Peter Mallouk, Creative Planning CEO, said that the acquisition marked a turning point in his fast-growing firm’s growth strategy. “Until now, we have always grown largely through referrals,” he said. "This is just us stepping into the arena."

Mallouk indicated other acquisitions were likely, adding that future acquirees would need to take "a financial planning approach" and be fee-based with no proprietary products.

While Creative Planning has no internal mutual funds or hedge funds, it does design individual stock and bond portfolios for clients. It also has an internal fixed-income and options group and offer clients opportunities to invest in alternatives like private equity, private lending and private real estate.

No price for TJG was disclosed but Mallouk said Creative Planning did not give out equity and indicated that would be unlikely except in certain special cases for future acquisitions. "Never say never but for acquisitions of this size it wouldn't be on the table," he said.

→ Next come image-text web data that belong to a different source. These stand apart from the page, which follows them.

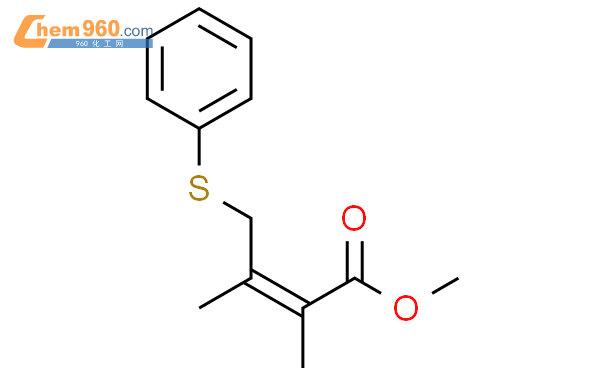 86895 88 7 2 Butenoic Acid 2 3 Dimethyl 4 Phenylthio Methyl Ester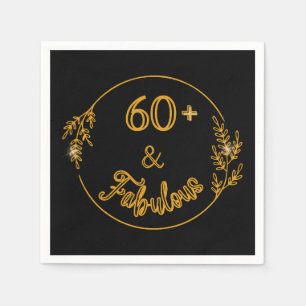 60 and fabulous napkins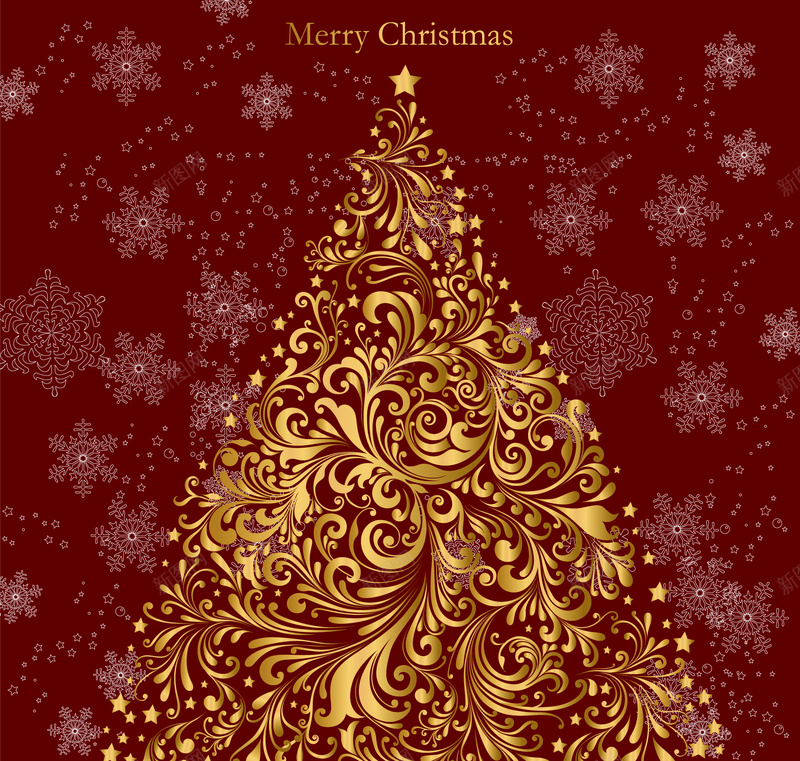 红色圣诞树背景素材eps设计背景_新图网 https://ixintu.com 圣诞树 圣诞节 底纹 红色 雪花 喜庆 背景 红色背景 质感 纹理
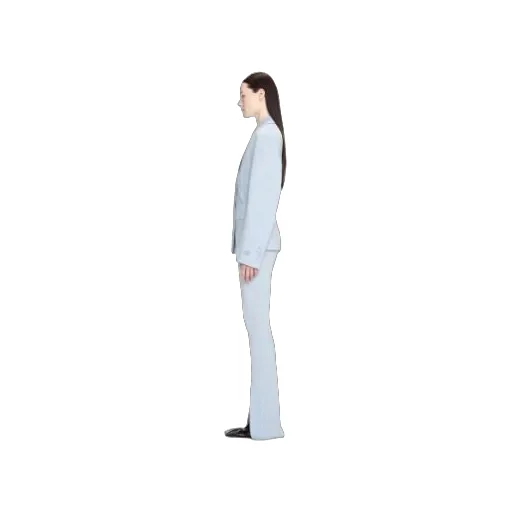 Notched-Lapels Single-Breasted Blazer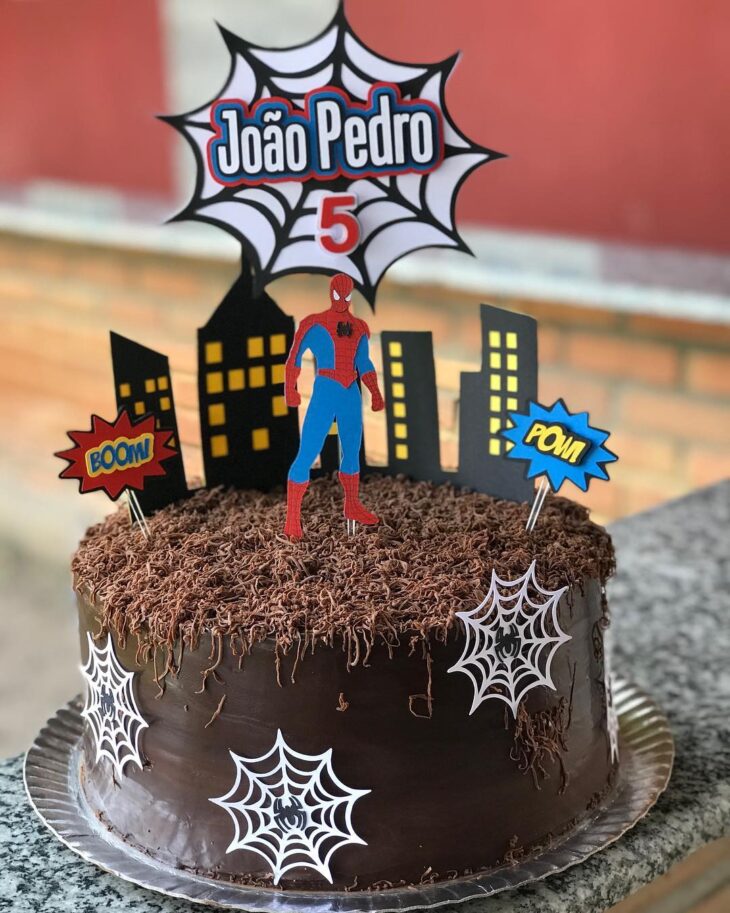 Foto de bolo do homem aranha 39 - 39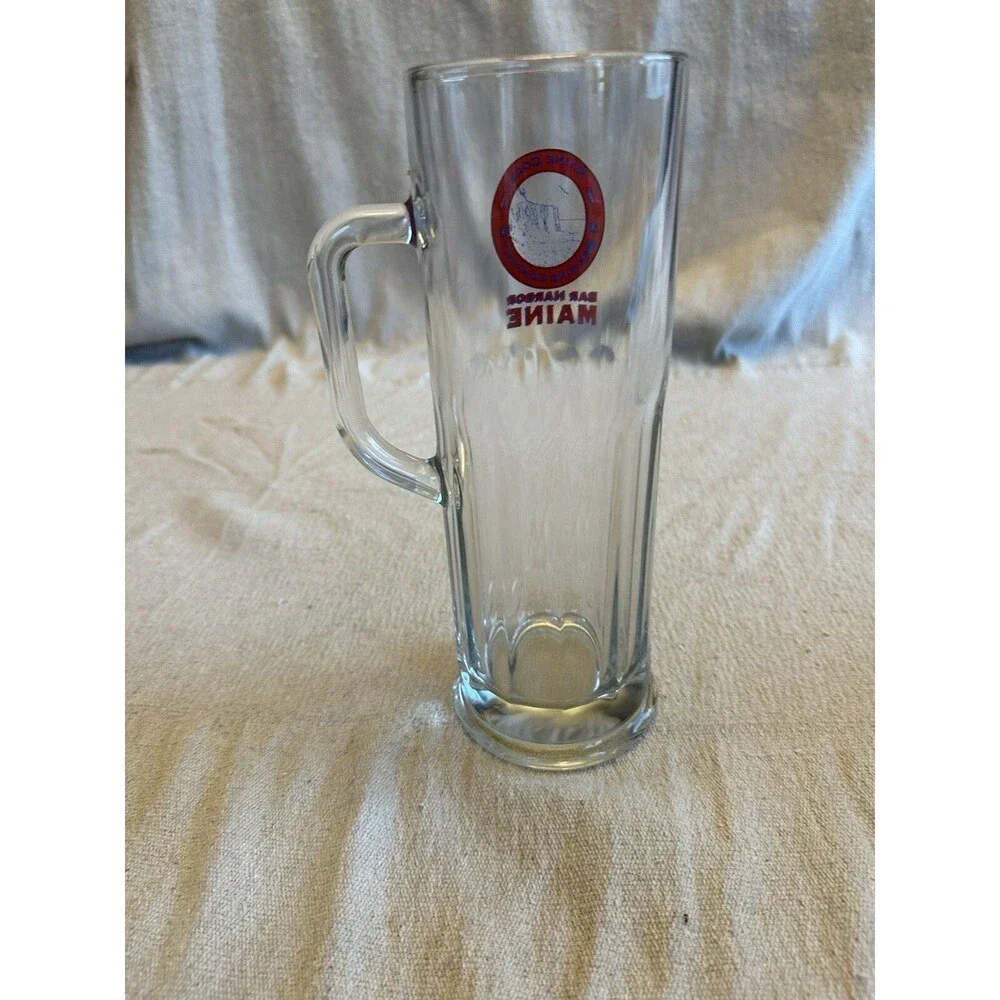 Libbey Maine Coast Brewing Company Bar Harbour Maine Beer Glass Set of 2 9 inch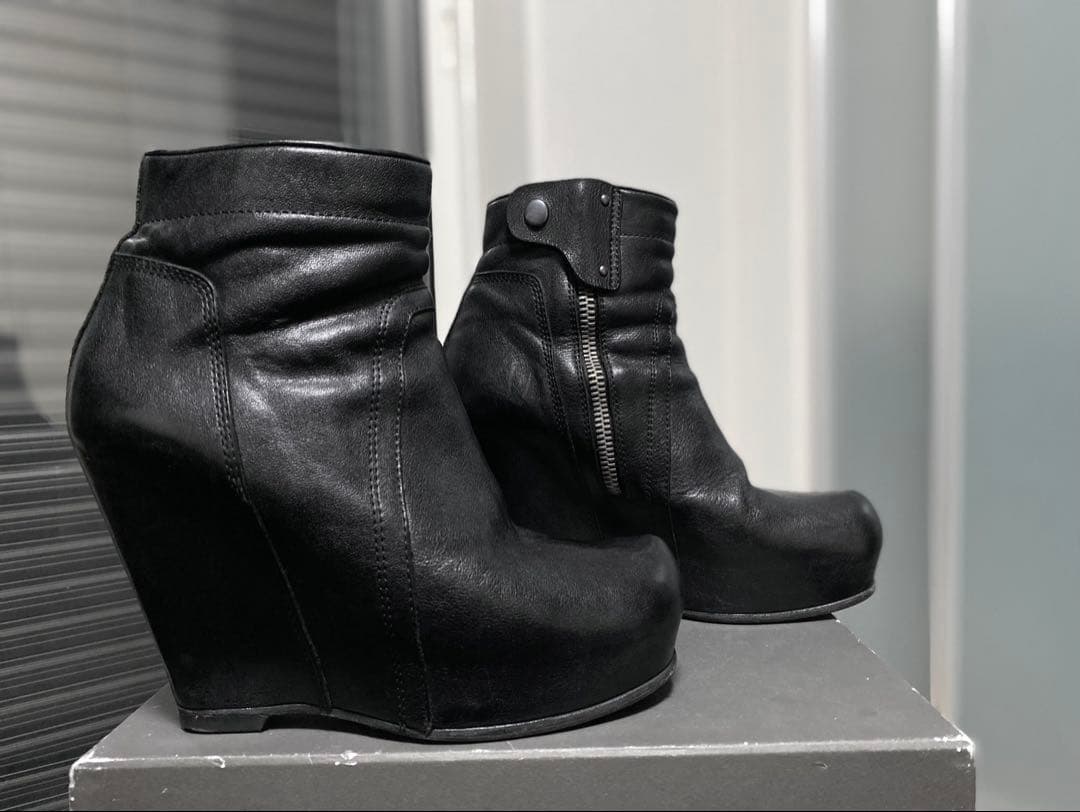 Rick Owens 廃盤 Wedge heel boots drkshdw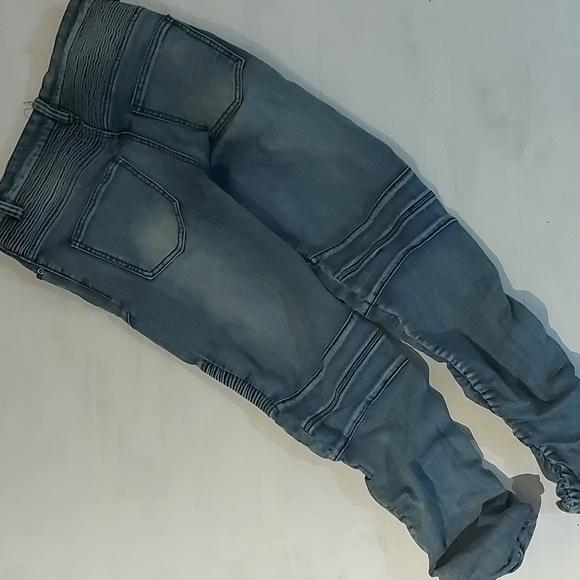 Teen/Men cargo denim pants, size M/M, By Urban Plant - Urban ID, Light Blue - Picture 2 of 2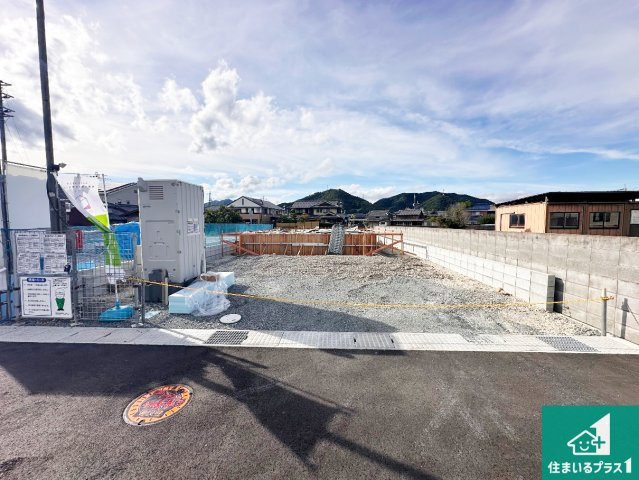 神崎郡福崎町福崎新　第3期　新築一戸建ての外観|周辺は落ち着いた街並みの住宅地！子育てがしやすい住環境です！まだ未完成ですが、現地でしかわからない事もございます。是非一度ご覧ください。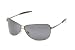 Sunglasses - Men's Sunglasses - Men's Fashion Aviator Sunglasses - Men's K2 Sunglasses - Silver Frame Black Smoked Lens - Cheap & Affordable Sunglasses by Toad Sunglasses UK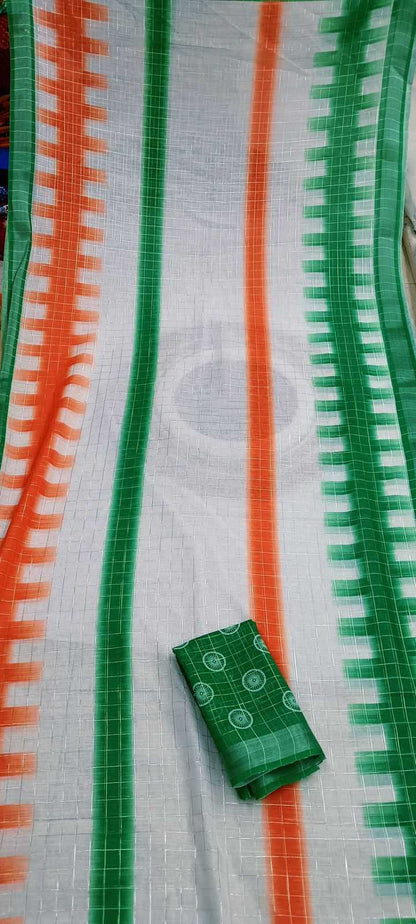 Amazing India Independence Saree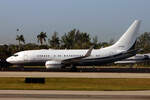 TAG Group, VP-BRM, Boeing 737-75U BBJ, 08.Januar 2007, FLL Fort Lauderdale, USA.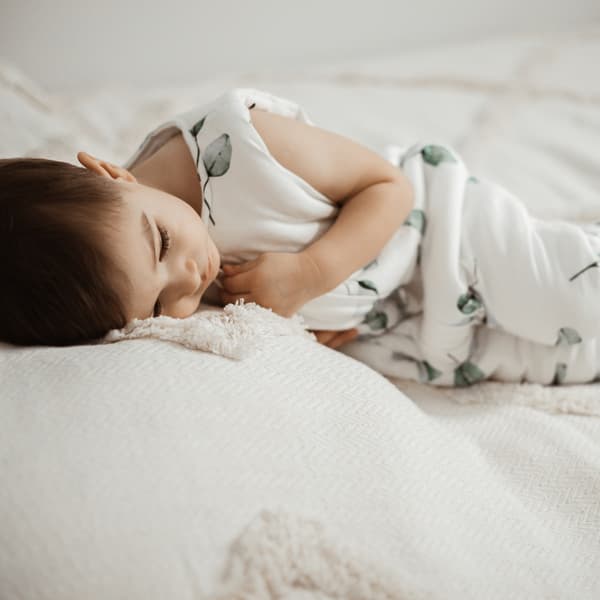 Sovsäck med ben S (1-2 år) Mintgrön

TJG provides financial planning and investment management services to investors nationwide, and has a large presence in Minnesota, North Dakota and South Dakota, the company said.TJG, owned and operated by Brad Johnston, has more than $500 million in assets under management.

Mallouk said that his firm would now explore opportunities to partner with other firms that also shared the same values and vision as TJG, a model for future growth.

Established in 1983, Creative Planning is an independent wealth management firm with 26 offices and more than 25,000 clients in all 50 states. The company is headquartered in Overland Park, Kan.

Five years ago, the bulk of its clients were in the Midwest, but its growth has changed that. Today, its three biggest states are California, New York and Florida, followed by Texas and Illinois.